Tous les ingrédients du polar sont réunis dans cette tragique histoire et c'est tout naturellement qu'André Téchiné les transpose dans L'homme que l'on aimait trop, s'entourant d'acteurs de talent, la montante Adèle Haenel, le confirmé Guillaume Canet et la majestueuse et toujours resplendissante Catherine Deneuve, l'une de ses actrice fétiches.

La grande force d'André Téchiné est certainement d’insuffler de la grâce dans ce fait divers dont on ne retient souvent que l'affaire de gros sous. Et si la reconstitution des faits est assez fidèle et pourrait ennuyer les spectateurs déjà bien instruits sur cette affaire, c'est surtout du côté du personnage d'Agnès interprété par Adèle Haenel qu'il faut se tourner pour comprendre tout l'intérêt de cette histoire. C'est dans ces tristes et jolies scènes que le réalisateur adopte un point de vue plus personnel et s'accorde quelques belles séquences (la séance de danse africaine d'Adèle, ses longues balades en moto avec Maurice...). Si le réalisateur ne prend pas de position claire sur la culpabilité présumée de Maurice Agnelet dans la disparition d'Agnès Le Roux, il dresse un portrait touchant et troublant de fragilité de la jeune femme.

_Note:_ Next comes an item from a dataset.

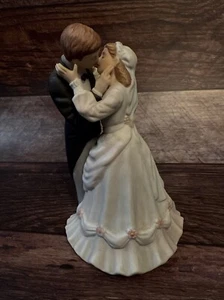 Curator Collection’s "THE WEDDING" by Rob Sauber Figurine 1987 Artaffects - Picture 1 of 7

Prise dans un tourbillon de sentiments, ballotée entre l'autorité aimante de sa mère et le cynisme du manipulateur Maurice Agnelet, Agnès se perd et devient triste... Elle qui ne semble pas accorder d'importance à l'argent, elle achète la présence de Maurice à ses côtés avec son héritage, jusqu'à ce qu'il s'éloigne une nouvelle fois.
Petite fille perdue, Agnès a-t-elle souhaité disparaître ou a-t-elle été assassinée ? Un procès peut-il permettre de comprendre la troublante relation entre Agnès et Maurice ? Apparemment non...

Caméra en mouvement constant, André Téchiné filme ce trio en train de se débattre et se déchirer sur les belles côtes niçoises. La beauté des paysages et la mise en scène pointilleuse rendent le tout hypnotisant, comme le regard d'Adèle Haenel. Dommage que la seconde partie du film, celle du lourd procès ne parvienne pas à ce même degré de beauté.

Le film retombe lentement dans le fait divers et dans la reconstitution plate et sans sentiment , comme si le réalisateur s'était senti obligé de rendre compte de tous les éléments de la justice.
Nous reste le portrait figé de la jeune Agnès en danseuse étoile, à nouveau figée sur le papier alors qu'elle s'était tant battue pour nager, danser, aimer librement.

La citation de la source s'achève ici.